Tidak berbeda jauh dengan konstelasi media massa seperti televisi dan cetak, persoalan radio juga pelik dan rumit. Mulai dari kepemilikan, kualitas SDM, rebutan iklan, jual beli izin, persaingan menjaring pendengar. Selain itu, radio juga harus berhadapan dengan pesaing baru media massa yakni media online yang bisa memadukan suara, gambar dan teks sekaligus.
Hal itu terungkap dalam Focus Group Discussion (FGD) yang digelar Lembaga Penelitian Pengabdian Masyarakat (LPPM) Universitas Islam Bandung (Unisba) bekerja sama dengan Komisi Penyiaran Indonesia Daerah (KPID) Jawa Barat di Aula KPID Jabar, Bandung, Kamis (16/06/2016).
FGD bertema “Konstelasi Radio Siaran Swasta Mainstream di Jawa Barat Sebagai Penguatan Kebudayaan Lokal Dalam Perspektif UU 32 Tahun 2002 Tentang Penyiaran” diikuti praktisi radio, akademisi/peneliti, dan regulator yang diwakili KPID Jabar.
Ketua LPPM Unisba Prof. Atie Rachmiatie mengatakan, FGD tersebut meminta masukan dari para praktisi radio. Masukan tersebut diharapkan menjadi bahan penelitian mendalam bagi akademisi.

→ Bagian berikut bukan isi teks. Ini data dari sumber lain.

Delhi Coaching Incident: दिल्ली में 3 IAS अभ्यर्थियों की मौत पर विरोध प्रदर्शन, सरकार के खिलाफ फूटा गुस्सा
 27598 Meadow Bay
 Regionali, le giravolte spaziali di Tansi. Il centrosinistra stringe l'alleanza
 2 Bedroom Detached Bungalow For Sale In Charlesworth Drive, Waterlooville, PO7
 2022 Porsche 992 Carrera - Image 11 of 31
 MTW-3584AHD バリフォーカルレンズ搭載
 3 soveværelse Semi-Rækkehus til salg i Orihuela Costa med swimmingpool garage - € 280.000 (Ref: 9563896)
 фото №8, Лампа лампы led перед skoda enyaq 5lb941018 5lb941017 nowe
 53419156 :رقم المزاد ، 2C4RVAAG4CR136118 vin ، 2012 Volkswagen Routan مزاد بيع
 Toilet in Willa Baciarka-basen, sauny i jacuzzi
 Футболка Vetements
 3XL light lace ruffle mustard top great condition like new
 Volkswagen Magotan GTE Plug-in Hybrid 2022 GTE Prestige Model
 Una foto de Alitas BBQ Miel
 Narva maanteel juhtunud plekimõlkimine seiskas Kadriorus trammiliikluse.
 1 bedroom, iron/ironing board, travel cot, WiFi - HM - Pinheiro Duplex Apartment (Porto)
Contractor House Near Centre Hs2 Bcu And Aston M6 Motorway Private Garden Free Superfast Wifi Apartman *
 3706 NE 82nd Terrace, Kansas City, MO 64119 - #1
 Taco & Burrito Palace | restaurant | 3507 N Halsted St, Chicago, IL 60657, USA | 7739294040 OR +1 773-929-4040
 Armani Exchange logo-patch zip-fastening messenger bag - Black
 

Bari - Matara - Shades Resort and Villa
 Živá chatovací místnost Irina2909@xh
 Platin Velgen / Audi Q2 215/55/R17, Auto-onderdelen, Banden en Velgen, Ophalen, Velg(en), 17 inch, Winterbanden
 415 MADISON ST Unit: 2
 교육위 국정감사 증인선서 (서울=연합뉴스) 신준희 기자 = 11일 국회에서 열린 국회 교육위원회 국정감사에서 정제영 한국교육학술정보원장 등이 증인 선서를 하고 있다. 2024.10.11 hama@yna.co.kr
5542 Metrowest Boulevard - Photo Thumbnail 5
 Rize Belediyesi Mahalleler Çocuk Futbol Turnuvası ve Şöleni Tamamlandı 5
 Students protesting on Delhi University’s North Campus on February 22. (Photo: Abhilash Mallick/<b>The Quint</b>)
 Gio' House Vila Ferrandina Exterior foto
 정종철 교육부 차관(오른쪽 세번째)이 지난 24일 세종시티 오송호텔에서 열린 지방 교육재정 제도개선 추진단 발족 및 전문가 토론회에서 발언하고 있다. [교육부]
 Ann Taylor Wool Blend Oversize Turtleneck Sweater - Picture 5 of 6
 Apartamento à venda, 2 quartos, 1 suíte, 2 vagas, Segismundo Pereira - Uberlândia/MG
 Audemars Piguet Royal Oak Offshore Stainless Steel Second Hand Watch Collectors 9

“Di FGD ini misalnya ada masukan diperlukan studi kejenuhan radio di Bandung dengan jumlah radio sebanyak itu (lebih dari 50 radio). Ini menjadi tantangan tersendiri bagi mahasiswa S2 untuk melakukan studi/penelitian,” ungkap Atie Rachmiatie yang didampingi tim peneliti dan sejumlah mahasiswa pascasarjana Fikom Unisba.
Hasil penelitian konstelasi radio diperlukan untuk masukan bagi pemerintah maupun radio itu sendiri.
Pemimpin Redaksi PRFM Basith Patria mengatakan, sejauh ini belum ada penelitian tentang kejenuhan radio di Bandung. Ia menduga, saat ini dengan jumlah radio lebih dari 50 sudah sangat jenuh.